MRI techs operate magnetic resonance imaging scanners to create important diagnostic images, which may require injecting patients with contrast dyes to ensure images show up well on the scanner. Some common tasks an MRI tech typically performs include:
Maintaining and adjusting imaging equipment
Preparing patients for procedures and educating them on what will take place
Positioning patients and equipment to capture the appropriate image(s)
Following doctors’ orders on which areas of the body to capture in images
Shielding exposed parts of patients’ bodies that don’t require imaging
Reviewing images to ensure they produced quality scans for doctors to evaluate
Working with doctors to determine whether additional scans are required
Keeping detailed patient records
Collaborating with an anesthesiologist to provide procedural sedation
Where do MRI techs work?
The largest employers of MRI techs are private and public hospitals, where they can work in various capacities, such as cardiovascular MRI or interventional MRI. Techs also find employment in cancer centers, heart clinics, outpatient care centers, medical and diagnostic laboratories, physicians’ offices, women’s clinics, and other healthcare facilities that utilize MRI scanning.
What skills make a good MRI tech?
Good MRI techs have in-depth technical skills that allow them to operate complex MRI equipment, take high-quality scans, and judge whether scans are clear enough to be read. They also have thorough knowledge of the intricacies of human anatomy and keen attention to detail, which are essential to effectively interpret the images they produce. As a vital part of a patient’s medical team, good MRI techs are team players. They possess excellent communication and other interpersonal skills that help them build a good rapport with patients and put them at ease during scans. Because patients may already be in extreme discomfort, MRI techs also have a healthy dose of compassion and empathy.

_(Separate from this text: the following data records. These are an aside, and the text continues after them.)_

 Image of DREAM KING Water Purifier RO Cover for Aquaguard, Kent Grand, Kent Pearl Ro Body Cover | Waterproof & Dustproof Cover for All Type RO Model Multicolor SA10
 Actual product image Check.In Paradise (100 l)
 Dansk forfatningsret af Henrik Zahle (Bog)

How to become a Travel MRI Tech
The first step to becoming a travel MRI tech is earning an associate degree, which is the most common educational requirement. The American Registry of Magnetic Resonance Imaging Technologists (ARMRIT) and the American Registry of Radiologic Technologists (ARRT) accredit MRI programs. Some states require completion of an accredited program for licensure.
Radiologic techs must be licensed or certified in most states, but only New Hampshire, New Mexico, North Dakota, Oregon, Tennessee, and West Virginia currently require MRI technologists to be licensed. However, employers often prefer or require applicants to be certified, even if it’s not required by the state.

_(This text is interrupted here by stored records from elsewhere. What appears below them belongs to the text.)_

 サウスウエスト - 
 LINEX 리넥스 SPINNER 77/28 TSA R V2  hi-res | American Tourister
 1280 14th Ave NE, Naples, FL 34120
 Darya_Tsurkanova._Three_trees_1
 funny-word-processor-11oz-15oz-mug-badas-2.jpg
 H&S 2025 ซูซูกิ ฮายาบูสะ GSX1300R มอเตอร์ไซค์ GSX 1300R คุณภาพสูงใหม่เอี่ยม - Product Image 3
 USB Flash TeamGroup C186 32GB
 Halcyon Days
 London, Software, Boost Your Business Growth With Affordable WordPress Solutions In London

The ARRT offers certification and registration for MRI technologists, which requires an associate degree, completion of an educational program in the MRI discipline, and passing an exam. ARMRIT offers Certified MRI Technologist credentials to qualified technologists in all imaging fields with documented MRI clinical experience and/or formal education at a school dedicated to MRI techs, once they pass a certification exam.
Travel MRI tech jobs typically require one year to 18 months of MRI tech experience and some require ARRT registry. Some positions also require Basic Life Support certification so techs can effectively recognize and respond to life-threatening situations.